Hukum Islam dewasa ini dihadapkan dengan system saham dan obligasi yang beredar di bursaefek Indonesia bahkan dunia. Efek tersebut diedarkan dengan cara jual beli yang apabila dilihat dari segi pendapatan laba mempunyai dua aspek yakni dividen/ untung perseroan (untuk saham dan bunga untuk obligasi) disamping aspek keuntungan jual beli yang disebut gain/ mendapat untung (khusus saham).    

B.      Pengertian Dan Ruang Lingkup Saham
Sebelum melangkah kepada pembahasan lebih lanjut, ada baiknya diungkapkan di sini mengenai pengertian saham dan ruang lingkup saham. Menurut bahasa Indonesia, saham[6] artinya “serta atau sero”. Secara definitif, saham ialah surat bukti bagi persero dalam perseroan terbatas (PT). menurut Prof. Dr. Rachmat Soemitro, SH. Saham ialah suatu tanda ikut serta dalam modal perseroan. Sedangkan menurut keputusan Presiden RI No. 60/1988 tentang Pasar Modal, pasal 1 ayat 3: “Saham adalah surat berharga yang merupakan tanda penyertaan modal pada perseroan terbatas sebagaimana diatur dalam Kitab Undang-undang Hukum Dagang (Staatblad Tahun 1847 No. 23)”. Saham meliputi berbagai macam;
a.       Macam saham dari segi hak atas  perseroan.

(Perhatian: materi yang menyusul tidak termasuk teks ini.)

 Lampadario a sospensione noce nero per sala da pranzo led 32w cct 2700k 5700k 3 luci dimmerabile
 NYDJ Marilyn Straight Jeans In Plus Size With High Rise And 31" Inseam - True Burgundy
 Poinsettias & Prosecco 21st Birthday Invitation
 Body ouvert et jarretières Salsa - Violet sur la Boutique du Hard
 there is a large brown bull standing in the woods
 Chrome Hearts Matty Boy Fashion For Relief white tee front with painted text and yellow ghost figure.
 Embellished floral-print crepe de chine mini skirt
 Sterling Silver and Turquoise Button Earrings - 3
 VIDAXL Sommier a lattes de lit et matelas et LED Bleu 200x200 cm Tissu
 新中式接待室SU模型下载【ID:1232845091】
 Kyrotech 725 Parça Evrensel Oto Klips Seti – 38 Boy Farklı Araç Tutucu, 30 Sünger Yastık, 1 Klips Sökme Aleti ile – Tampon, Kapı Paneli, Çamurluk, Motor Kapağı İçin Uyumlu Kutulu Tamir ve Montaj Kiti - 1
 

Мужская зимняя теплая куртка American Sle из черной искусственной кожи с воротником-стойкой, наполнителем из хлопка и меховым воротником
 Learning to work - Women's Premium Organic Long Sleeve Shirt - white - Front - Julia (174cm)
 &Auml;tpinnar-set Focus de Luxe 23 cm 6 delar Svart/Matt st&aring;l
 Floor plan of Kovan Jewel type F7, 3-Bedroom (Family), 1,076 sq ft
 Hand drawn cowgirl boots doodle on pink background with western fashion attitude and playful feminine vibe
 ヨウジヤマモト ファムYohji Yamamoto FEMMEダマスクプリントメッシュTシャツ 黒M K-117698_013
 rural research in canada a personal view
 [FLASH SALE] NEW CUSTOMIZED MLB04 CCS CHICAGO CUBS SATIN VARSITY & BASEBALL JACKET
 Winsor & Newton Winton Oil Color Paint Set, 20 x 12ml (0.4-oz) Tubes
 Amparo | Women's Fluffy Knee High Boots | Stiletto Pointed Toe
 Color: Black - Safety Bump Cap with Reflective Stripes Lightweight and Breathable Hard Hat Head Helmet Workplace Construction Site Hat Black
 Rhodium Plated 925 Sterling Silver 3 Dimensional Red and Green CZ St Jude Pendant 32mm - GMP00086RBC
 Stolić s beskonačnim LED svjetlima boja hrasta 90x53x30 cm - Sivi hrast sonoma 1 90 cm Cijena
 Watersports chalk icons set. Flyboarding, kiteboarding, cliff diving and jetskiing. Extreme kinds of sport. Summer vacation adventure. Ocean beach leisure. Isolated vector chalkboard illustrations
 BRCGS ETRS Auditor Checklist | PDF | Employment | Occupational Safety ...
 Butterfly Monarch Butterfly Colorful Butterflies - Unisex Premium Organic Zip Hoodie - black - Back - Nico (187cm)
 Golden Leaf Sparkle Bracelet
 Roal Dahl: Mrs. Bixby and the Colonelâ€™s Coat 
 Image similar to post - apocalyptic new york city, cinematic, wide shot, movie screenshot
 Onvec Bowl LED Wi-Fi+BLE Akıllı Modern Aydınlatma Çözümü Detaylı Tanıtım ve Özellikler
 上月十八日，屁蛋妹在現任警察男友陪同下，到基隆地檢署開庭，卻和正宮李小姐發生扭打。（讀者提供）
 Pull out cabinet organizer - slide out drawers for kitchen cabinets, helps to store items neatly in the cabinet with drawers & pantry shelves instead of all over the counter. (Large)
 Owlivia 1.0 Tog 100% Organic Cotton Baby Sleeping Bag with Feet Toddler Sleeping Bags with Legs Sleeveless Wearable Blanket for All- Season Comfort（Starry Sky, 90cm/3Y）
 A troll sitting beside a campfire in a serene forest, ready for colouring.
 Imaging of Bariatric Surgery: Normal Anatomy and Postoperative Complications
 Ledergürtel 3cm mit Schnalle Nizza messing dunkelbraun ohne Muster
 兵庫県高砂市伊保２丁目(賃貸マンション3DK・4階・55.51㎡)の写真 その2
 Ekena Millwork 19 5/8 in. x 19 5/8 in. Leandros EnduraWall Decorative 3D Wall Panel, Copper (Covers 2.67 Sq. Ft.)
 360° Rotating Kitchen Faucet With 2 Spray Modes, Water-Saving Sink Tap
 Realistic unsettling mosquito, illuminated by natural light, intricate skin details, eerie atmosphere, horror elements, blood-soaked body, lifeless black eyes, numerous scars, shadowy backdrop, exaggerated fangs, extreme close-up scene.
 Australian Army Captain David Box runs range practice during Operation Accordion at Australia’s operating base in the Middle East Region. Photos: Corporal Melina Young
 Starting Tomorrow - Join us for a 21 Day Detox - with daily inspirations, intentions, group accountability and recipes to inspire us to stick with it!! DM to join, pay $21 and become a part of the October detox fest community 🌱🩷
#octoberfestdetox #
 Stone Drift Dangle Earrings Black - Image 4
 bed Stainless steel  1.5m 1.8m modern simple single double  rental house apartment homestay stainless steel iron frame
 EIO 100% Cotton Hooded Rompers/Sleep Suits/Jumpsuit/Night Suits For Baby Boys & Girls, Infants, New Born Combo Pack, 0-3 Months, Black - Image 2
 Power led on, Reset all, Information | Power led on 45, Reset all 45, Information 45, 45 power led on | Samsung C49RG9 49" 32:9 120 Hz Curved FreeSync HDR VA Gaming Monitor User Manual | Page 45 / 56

b.      Macam saham dari segi jasa atas perseroan.
c.       Macam saham dari segi dividen.
d.      Macam saham dari segi pemegangnya.    

Menurut Darmadji dan Fakhruddin ada beberapa sudut pandang untuk membedakan saham:
1.      Ditinjau dari segi kemampuan dalam hak tagih atau klaim
a.       Saham biasa (common stock)
·         Mewakili klaim kepemilikan pada penghasilan dan aktiva yang dimiliki perusahaan.
·         Pemegang saham biasa memiliki kewajiban yang terbatas. Artinya, jika perusahaan bangkrut, kerugian maksimum yang ditanggung oleh pemegang saham adalah sebesar investasi pada saham tersebut.
b.      Saham Preferen (Preferred Stock)
·         Saham yang memiliki karakteristik gabungan antara obligasi dan saham biasa, karena bisa menghasilkan pendapatan tetap (seperti bunga obligasi), tetapi juga bisa tidak mendatangkan hasil, seperti yang dikehendaki investor.